BRIEF: Look below for the line containing "اتاق استاندارد سه نفره, Chalet L'aiglon". Write out that line and the rest through the last one, exactly as they appear, but without pictures.

GIVEN MATERIAL:
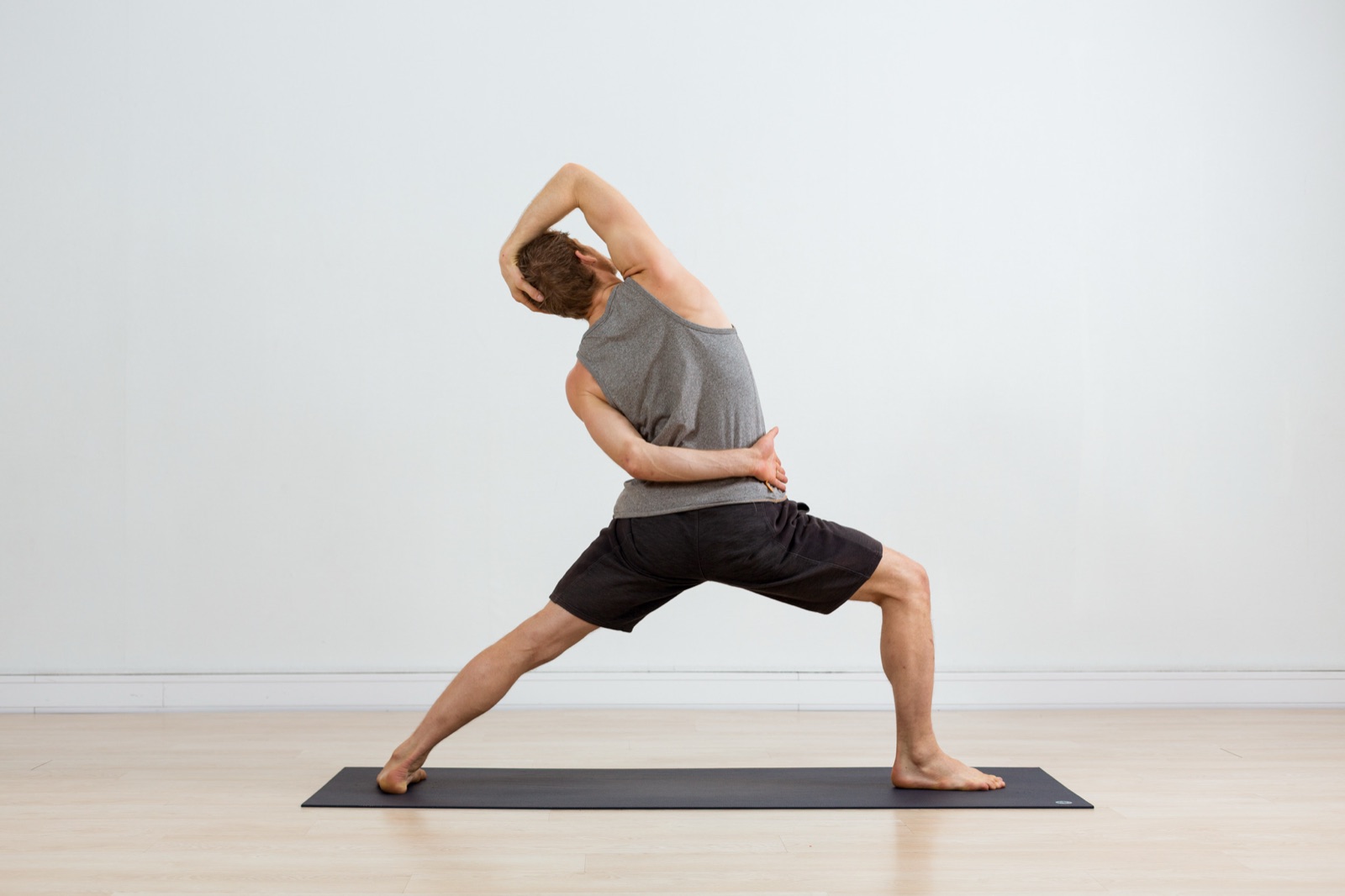 Barnestillingen er ikke bare hvile — det er aktiv lindring for korsryggen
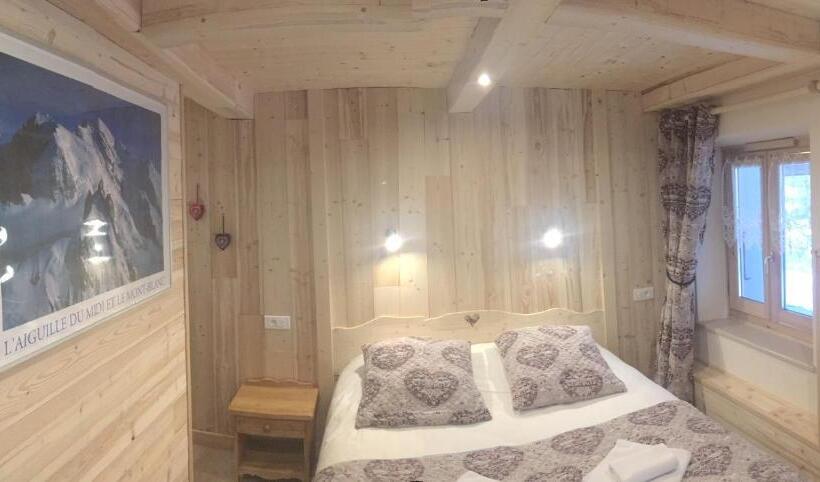اتاق استاندارد سه نفره, Chalet L'aiglon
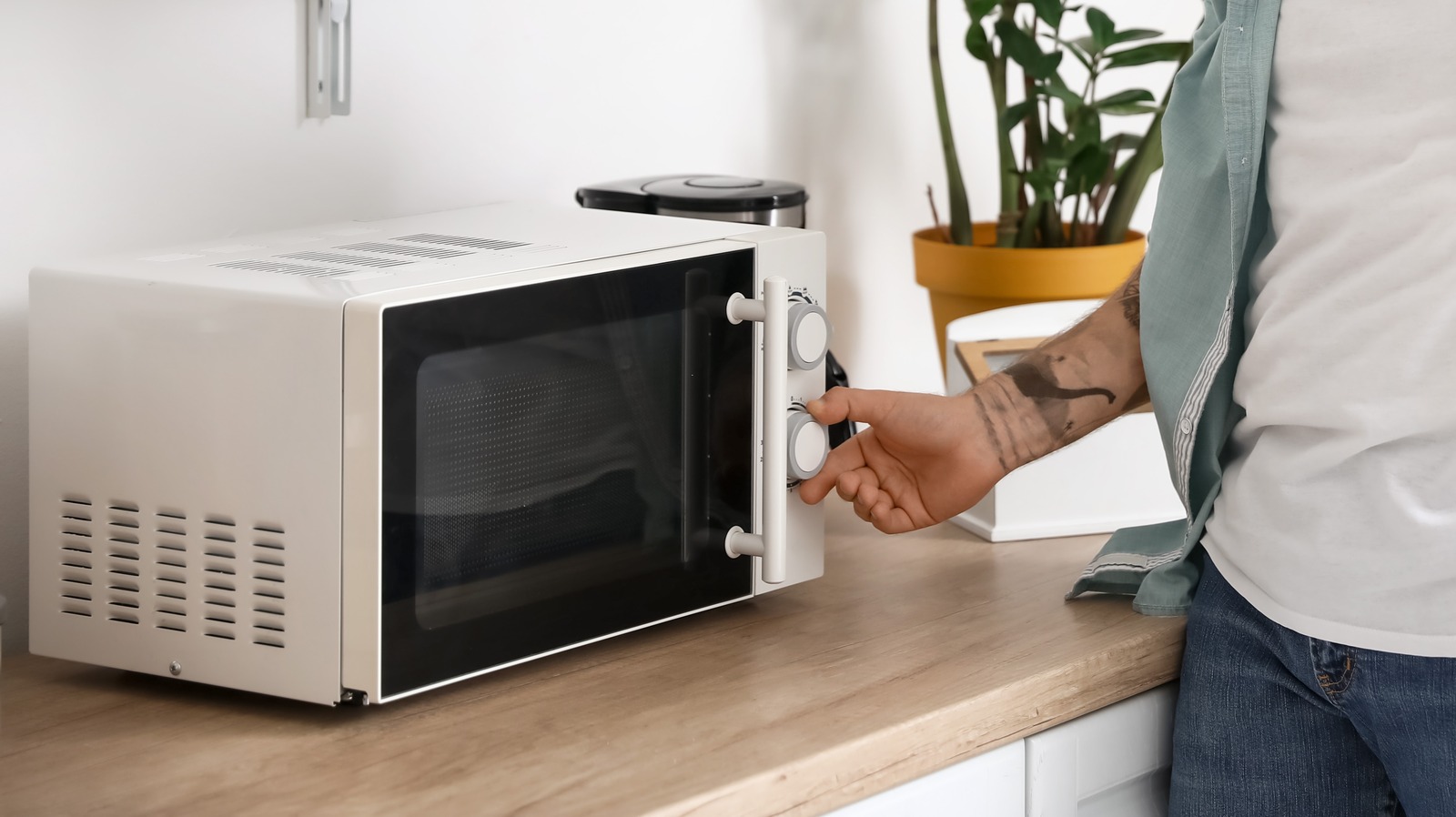 Where To Put Your Microwave, According To Feng Shui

ANSWER TO THIS TASK:
اتاق استاندارد سه نفره, Chalet L'aiglon
 Where To Put Your Microwave, According To Feng Shui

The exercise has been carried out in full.